I wanted to do my best to have elements of “Boba’s” theme threaded into any cue where it made sense story-wise. The tribal vocal sound exists in almost every cue during Boba’s flashbacks. Another challenge with Boba’s themes was dealing with the two different time periods – Boba’s rebirth from the Sarlacc (flashbacks), and his reign as Daimyo of Mos Espa (present day). The “Main Theme” felt apropos for Boba’s flashback timeline and the Tuscan arc. The Boba theme that was introduced in Mando Season Two worked more in his present-day timeline, especially during his time with Fennec and Mando and his reign from the throne.
In a way, throughout the flashbacks of Chapters 1 through 4, Boba “earns” the present-day theme. That theme plays heavily, in a heroic way, when he enacts his revenge on the Speederbike gang in Chapter 4, and then plays in full force as Boba’s last flashback comes to a close, while he invites Fennec to join him on the throne. In a way, it brings us, as an audience, into the present-day Boba. But There was one other moment where I chose to “break the rules” with the timelines of the themes – when Boba finally defeats Cad Bane at the end of Chapter 7. Since Boba wields his Gaffi stick in his surprise attack, I used the Main Theme there, the theme that we associate with his Tuscan flashback arc.
Tell us about your themes that you’ve threaded through this “Book.”
While Ludwig handled the Main Theme for “Book,” I helped him with the “Present Day” Boba theme from Mando Season 2 Chapter 6. It has a bit of a mystical quality, a jaunty type rhythm, and horn calls that seemed to fit with Boba’s brute strength and savage-ness in battle. So, I played a role in that theme becoming a part of the sound of this show, as well as when to use it.
One important moment in “Book” Chapter 3 is when Boba discovers the Tuscan tribe had been completely and utterly massacred. I decided to write an elegy for the Tuscans and use that as a theme for Boba Fett as he lays his friends to rest in a ceremonial Tuscan funeral pyre. The lyrics are in a language called Mando’a, which is spoken by the Mandalorians throughout “Star Wars.” We recorded the piece with an excellent male chorus made up of nine Baritone singers. Here are the lyrics:
Aliit ori’shya tal’din
Burc’ya, burc’ya, burc’ya,
Aliit ori’shya tal’din.
:: which translates to ::
Family is more than Blood
Friends, friends, friends,
Family is more than Blood.
While I wouldn’t say that Boba Fett is kinder and gentler, he’s much more “humane” as it were in his approach to being a crime boss. How does that new sense of emotion affect your scoring?

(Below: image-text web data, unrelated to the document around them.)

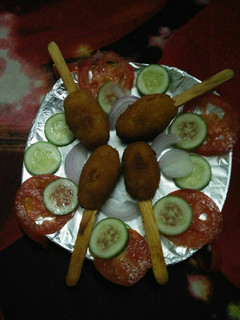 वेज चावल लोल्लीपोप (Veg rice lollipops recipe in hindi) रेसिपी मुख्य फोटो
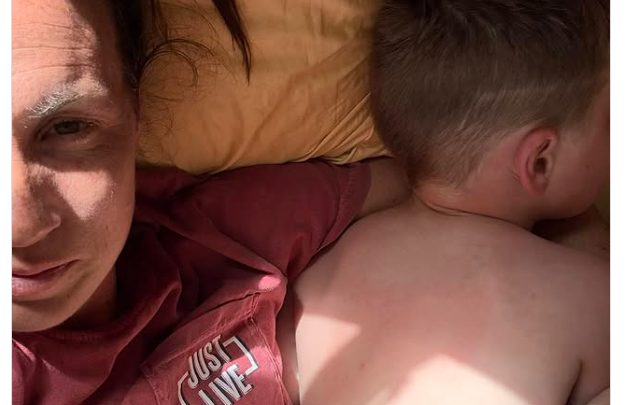 Nadat ze haar derde kind had gekregen, stortte ze in – toen ontdekte ze dat ze al vijf jaar met ongeneeslijke kanker leefde.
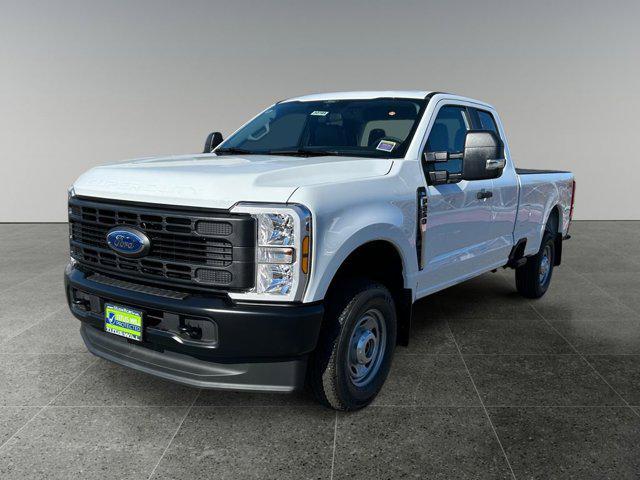 new 2025 Ford F-250 car, priced at $52,285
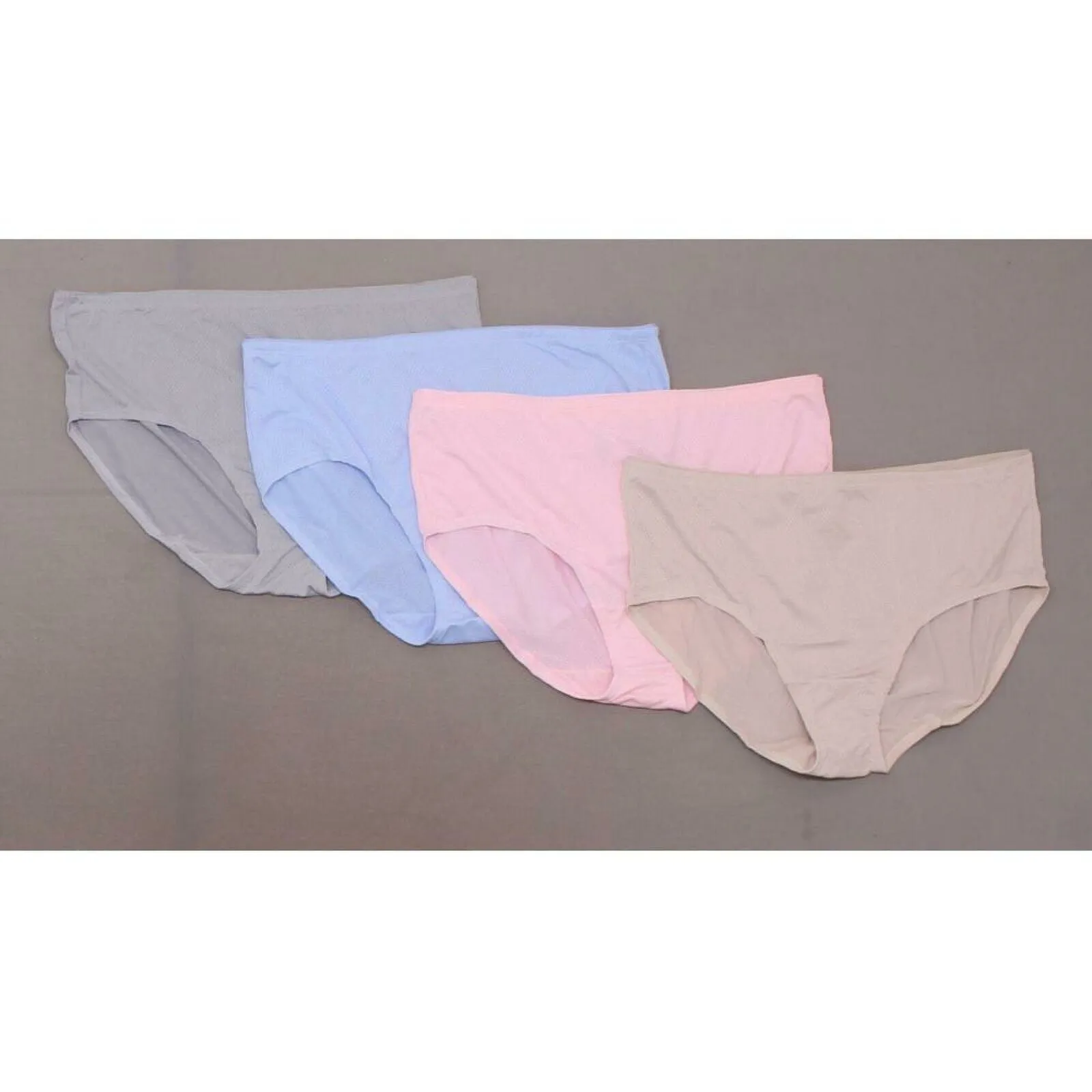 Fruit of the Loom 4 Pairs Women's Breathable Low Rise Briefs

There are moments of this show that remind me of “The Godfather.” It’s a portrayal of underground crime that isn’t particularly scary or ruthless, but almost has a romance to it. Musically, I thought it was really fun to explore some of that classic Italian mob nostalgia, while still keeping our characters rooted in their proper storylines. Boba is a sensible crime boss, so, musically there are times where I decided to score him with retro Italian film undertones, which softened the edge of the risky proposals and precarious positions in which he finds himself.
Tell us about the “ethnic” opportunities that Tatooine affords, especially when it comes to Boba’s “rebirth” with the Sand People?

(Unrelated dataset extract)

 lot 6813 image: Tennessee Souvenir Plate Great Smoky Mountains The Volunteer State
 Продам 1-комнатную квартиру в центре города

Whatever “ethnic” qualities may exist musically within the score to “Book,” it was never truly intended to be exactly one thing, or even directly reference a particular culture or region of the world. But there are strokes of a lot of different types of world music, that when put together, I thought kind of worked for Boba, Tatooine and for “Star Wars.” The vocal element of the score has some more obvious connotations to primal, ceremonial, or even religious styles found all over the world. The organic quality of some of the Percussion sounds I used (some Polynesian instruments), and the different string instruments (Vietnamese Banjos, Dulcimers, Mandocello) used in scoring felt like they fit with the dry, sandy environment of Tatooine. There are so many types of cultures and people that live on Tatooine as a whole, that it made sense to reflect that in the score – including many different kinds of instruments found all over this planet of ours!
With your use of voices, do you think there’s a religious, or spiritual quality that ties Boba’s “redemption” with Mando’s faith?
I think the use of voices immediately connects the audience to a character. I mean, not everyone can play a violin, but most everyone has the ability to produce a sound with their voice. So, on a pre-musical level, subconsciously people will hopefully connect to Boba’s sound by the mere fact that we used a lot of vocals within the thread of the score and theme. Vocals certainly connected the character of Boba to the Tuscans, their ceremonies and traditions, in a primal way, which felt very right for him. Regarding “Mando’s faith”, I thought it was fitting to compose a piece of music in the Mando’a language. So, in a way, Boba (though he is not ‘by creed’ a Mandalorian), still has a connection to the Mandalorians by virtue of his father’s armor.
I particularly loved the “train heist” episode “The Tribes of Tatooine.” Could you talk about scoring it, particularly its central action scene?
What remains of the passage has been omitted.